Hopworks Urban Brewery Becomes World’s First Salmon-Safe Certified Brewery
|AUG 4, 2015 | PORTLAND, OR – Hopworks Urban Brewery (HUB) today announced it earned certification as the world’s first Salmon-Safe Certified brewing campus. Salmon-Safe is a non-profit organization that links land management practices with the protection of agricultural and urban watersheds through whole-site inspections with rigorous peer-revised standards.

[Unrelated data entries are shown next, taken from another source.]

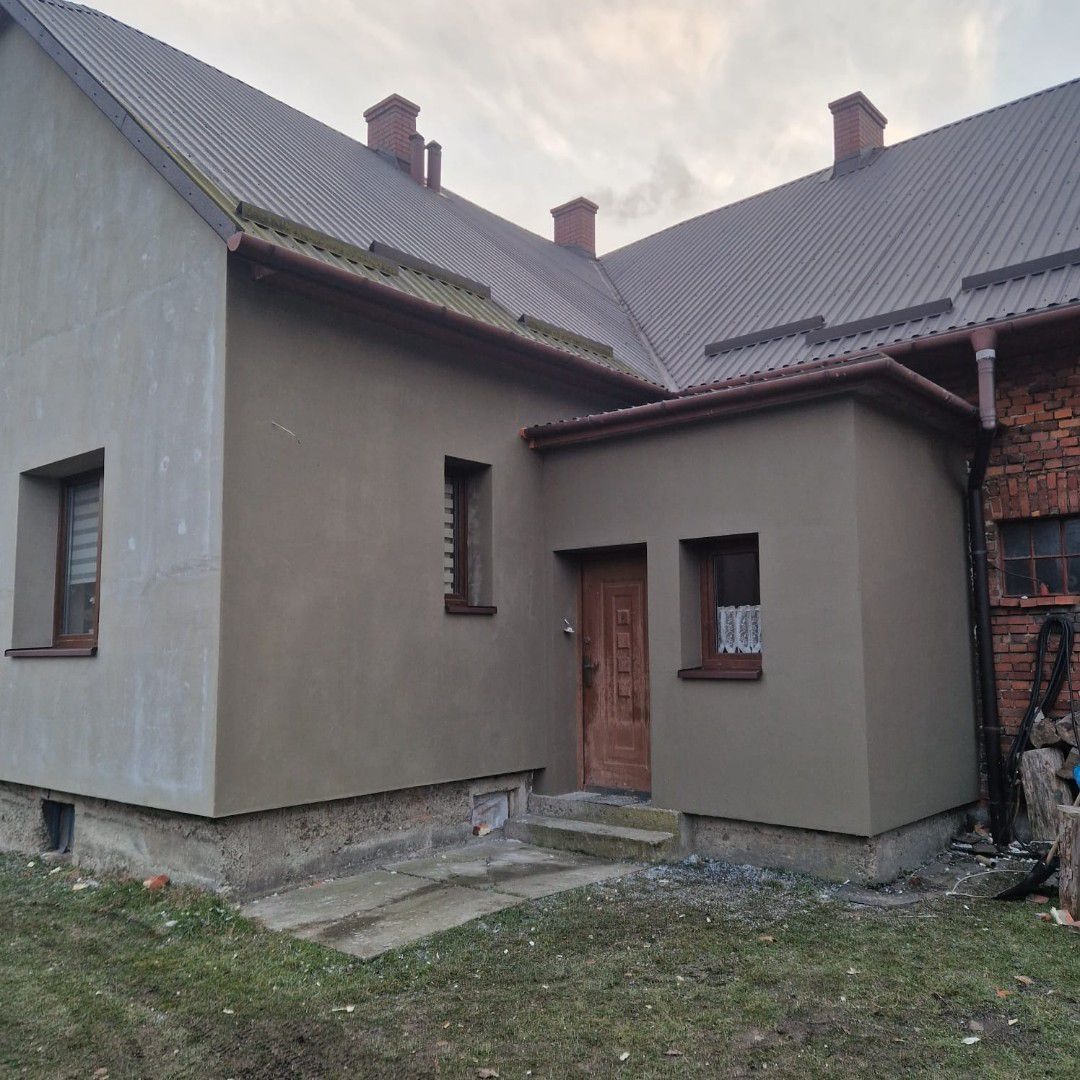 Dom jednorodzinny z szarą, świeżo nałożoną elewacją, widoczna stara ceglana ściana z boku, brązowe rynny i metalowy dach, pochmurne niebo w tle.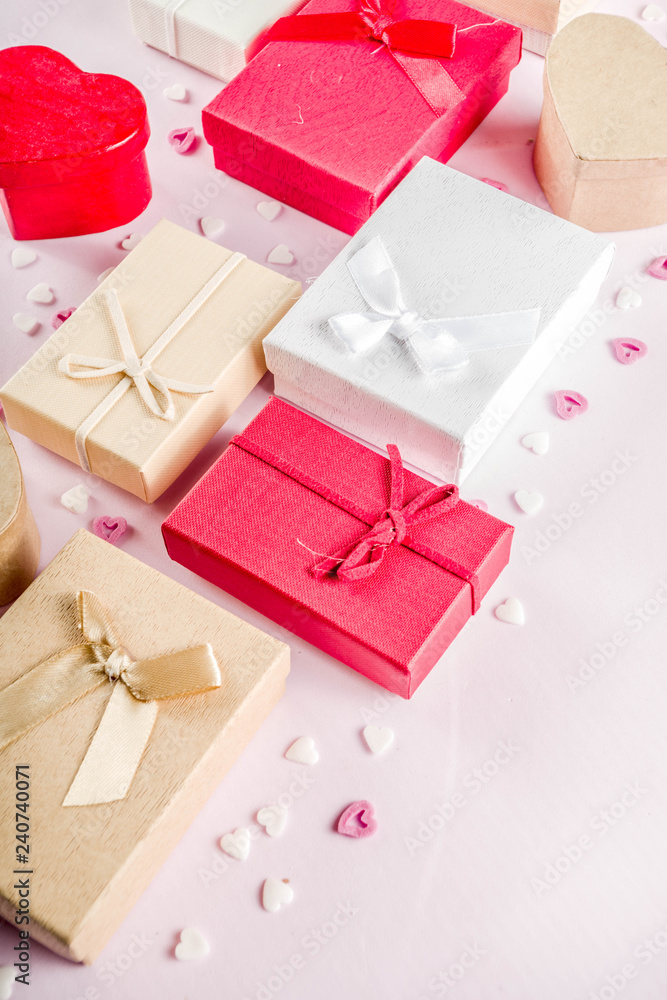 Valentines day gifts boxes background, frame for holiday greeting card background, with confetti candy hearts, flat lay, top view, copy space Valentines day gifts boxes background, frame for holiday greeting card background, with confetti candy hearts, flat lay, top view, copy space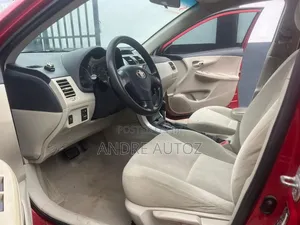 Toyota Corolla L 4dr Sedan (1.8L 4cyl 5M) 2013 Red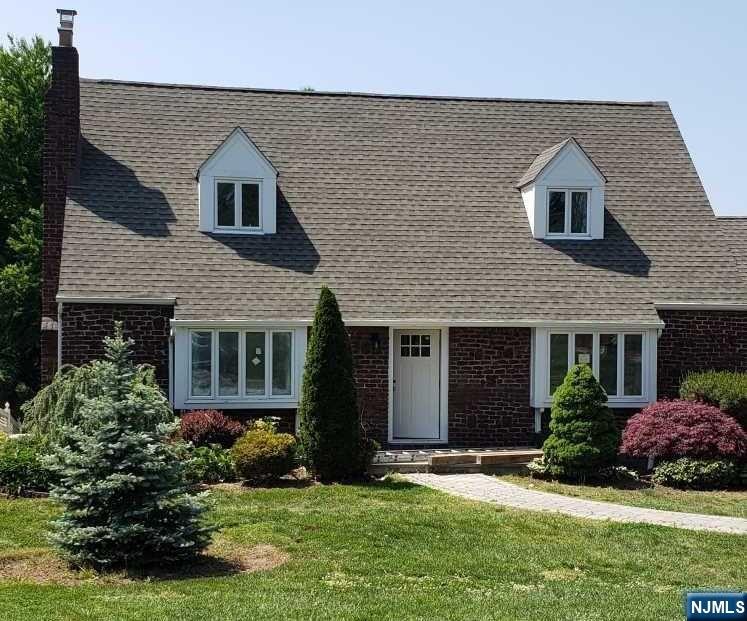 Welcome to this captivating Cape Cod home in Englewood, NJ! Fully renovated, this 3-bed, 3.5-bath residence boasts an open layout, fenced private yard, and a prime location just 1 1/2 miles from the Bridge. Step inside to discover a seamless flow, a cozy living room fireplace, and a stylish dining room. The modern kitchen features an island and eat-in area, while the great room offers another fireplace for relaxation and entertainment. Upstairs, two large bedrooms and a full bath provide comfort and privacy. The lower level includes a spacious room, full bath, laundry, and separate entry. Extras like an extra refrigerator and generator enhance convenience. With a perfect blend of old charm and contemporary allure, this Englewood gem is a must-see!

The site of HUB’s brewery and original brewpub was certified through Salmon-Safe’s Urban Development Certification Program. Since 2004, Salmon-Safe certified urban projects include the Nike World Headquarters campus, Portland State University, Oregon Museum of Science & Industry (OMSI) and others. Salmon-Safe also works with more than 450 West Coast farms and vineyards to certify for clean water and habitat restoration. They seek to have the same impact in the craft beer sector.
“Hopworks has inspired the Salmon-Safe hops movement by seeking certified hops in beers like the IPX series. Now they take a powerful next step by becoming the first Salmon-Safe certified brewery site,” said Dan Kent, Salmon-Safe Co-Founder and Executive Director. “Joining with Hopworks means that we are working with a national environmental leader in craft beer. We anticipate that breweries across the West Coast will follow their lead in transforming how brewing sites and operations impact local watersheds.”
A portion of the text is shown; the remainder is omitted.